Хватаю ближайшего за горло, прижимаю к стене. Он единственный, кто в сознании, его широкие, испуганные глаза смотрят на меня с мольбой о пощаде. Желание защитить, обрушить на него свою ярость, борется с необходимостью получить информацию.

— Зачем вы на нас напали? — требую я, мое лицо в сантиметрах от его. — Откуда вы, блять, пришли, и кому вы подчиняетесь?

Он хрипит, выдавая слабый, невнятный ответ, и я ослабляю хватку, чтобы он мог говорить.

Через плечо я кричу Лидии: — Возьми мой телефон. Позвони Алексу и скажи, чтобы прислал команду для зачистки, сейчас же.

Держу его за шею, но, прежде чем он успевает сказать еще слово, его голова откидывается назад, ударяясь о бетон, и круг малинового цвета расцветает в центре лба.

Лидия кричит.
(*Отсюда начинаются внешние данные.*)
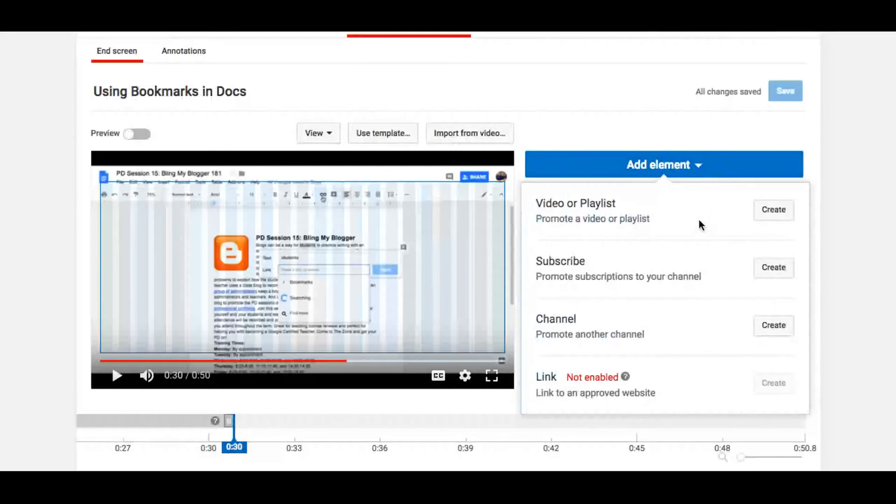So you can add a link to a video playlist. It doesn't even have to be your own. It could be somebody else's. You could have a subscription call-out for your channel, or you could promote another channel.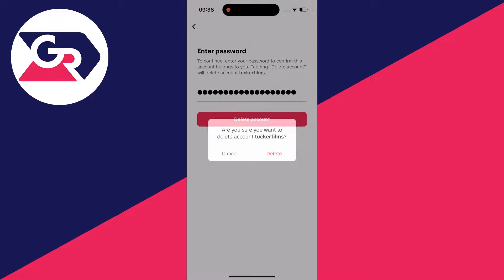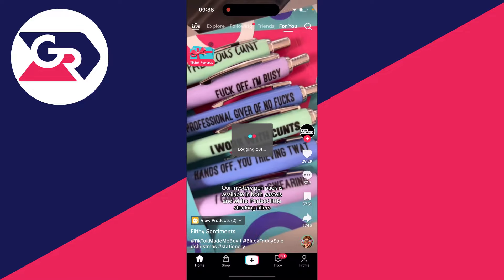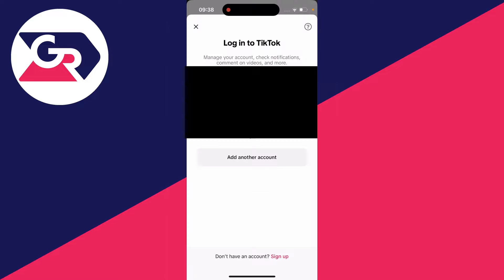Press on Delete Account and then you'll have a pop-up which you'll need to click Delete again on, and just like that your account will then be deleted and you'll be taken back to the login screen. If you guys found this useful then please leave a like.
Я бросаю его тело на землю, прижимаю ее и накрываю собой. Чертов снайпер. Но больше выстрелов не следует.

Нападавший был целью, потому что я заставил бы его заговорить.
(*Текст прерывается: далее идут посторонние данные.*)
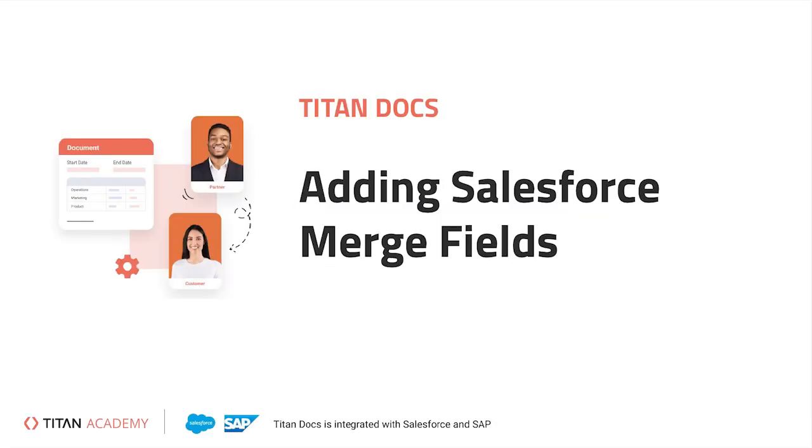Hello and welcome to another Titan Academy video. In this video we will go over how to insert and edit fields with merge data in the Titan Word plugin.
Кто-то убил его. Кто-то наблюдает. Кто-то не хочет, чтобы я знал, что они задумали. Черт.

Подъезжает машина, и я мгновенно насторожен, но Лидия выдыхает: — Это Алекс.

Алекс и команда наших людей быстро выходят из машины. Алекс тренировал двух старых людей Иванова, и они здесь, чтобы помочь нам. Они действуют быстро и слаженно.

— Они сбежали, — говорю я. — Но здесь снайпер, Алекс. Он хочет напугать нас, но пока не готов действовать.

— Мы обыщем все вокруг, чтобы найти, где они могли спрятаться. Я хочу, чтобы все было проверено.

Только когда схватка заканчивается, и наши нападающие либо обезврежены, либо сбежали, я замечаю кровь на шерсти Никиты́.

Лидия опускается на колени рядом с собакой, ее руки дрожат, когда она раздвигает густую черную шерсть.

— Она истекает кровью, — говорит Лидия, голос срывается. На боку Никиты́ небольшая сочащаяся рана, но сразу не ясно, что ее вызвало. — Никита́ в порядке? — спрашивает Лидия, ее глаза наполняются слезами, а лицо краснеет. Она плачет? Я не могу понять, плачет ли она. — С ней все будет хорошо, да? Она истекает кровью, Виктор.

— Ты в порядке? — спрашиваю, хотя комок подступает к горлу, когда я опускаюсь на колени рядом с ними.

— Я в порядке, я в порядке, — говорит Лидия, хотя ее рука дрожит.

Я возвращаюсь к Никите́.

Черт. Никиту́ ранили. Блядь. Мои руки дрожат. Если кто-то ранил мою собаку… Если кто-то, блять, ранил мою собаку…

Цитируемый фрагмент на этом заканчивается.